Scriptie schrijfregels & tips
Gepubliceerd op 16 september 2016 door Farah
Het schrijven van een scriptie of onderzoeksverslag gaat niet voor iedereen van een leien dakje. Soms is het voor studenten onduidelijk aan welke schrijfregels een scriptie moet voldoen, omdat deze niet goed worden gecommuniceerd door onderwijsinstellingen. In dit artikel ‘schrijfregels & tips’ vind je algemene tips voor het schrijven van een scriptie.
Schrijfregels
1. Alles wat niet ter zake doet, weglaten.
2. Neem geen lappen tekst over.
3. Zorg dat jouw onderzoek een samenhangend geheel is.

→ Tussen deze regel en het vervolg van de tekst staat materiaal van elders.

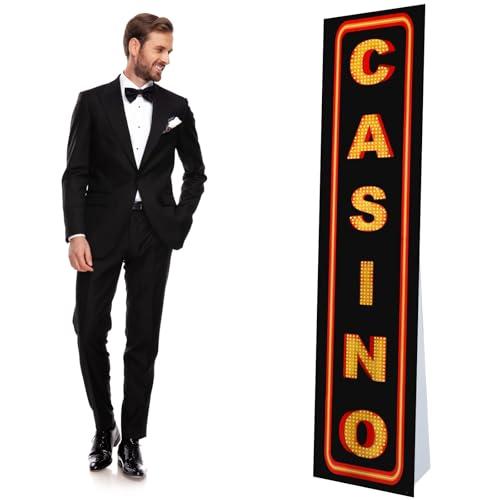 Cinnvoice 6 ft Casino Night Decorations Casino Cardboard Stand up Sign Photo Props Cardboard Column Backdrop Welcome Porch Sign for Las Vegas Game Themed Birthday Poker Night Party Decor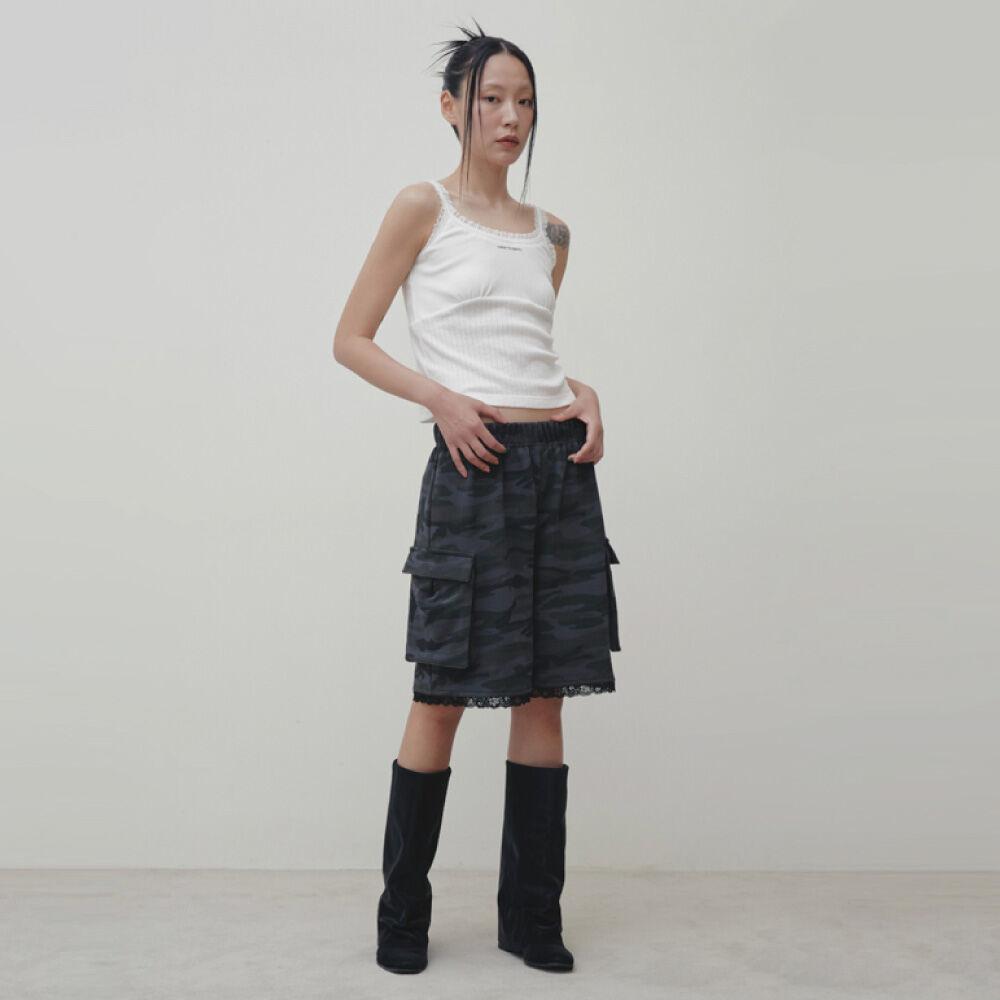 CAMO LACE SWEAT SHORTS (NAVY)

Wees consistent in de toon en schrijfstijl.
4. Wees bondig, duidelijk en schrijf een prettig leesbare tekst. Hierbij kunnen wij jou helpen.
5. Schaaf hoofdstukken gedurende het onderzoeksproces bij (aanvullen, beter formuleren, beter opbouwen, delen weglaten die niet meer ter zake doen).
6. Werk vooral uit de beoordelingscriteria uit de handleiding van jouw onderwijsinstelling.
7. Stel jezelf bij alles wat je in je verslag opneemt, de vraag: waarom? En zorg ervoor dat het antwoord duidelijk is voor de lezer.
8. Leid paragrafen en hoofdstukken kort in. Zorg dat je in zo’n inleidend stukje de lezer informeert over de inhoud van het hoofdstuk of de paragraaf.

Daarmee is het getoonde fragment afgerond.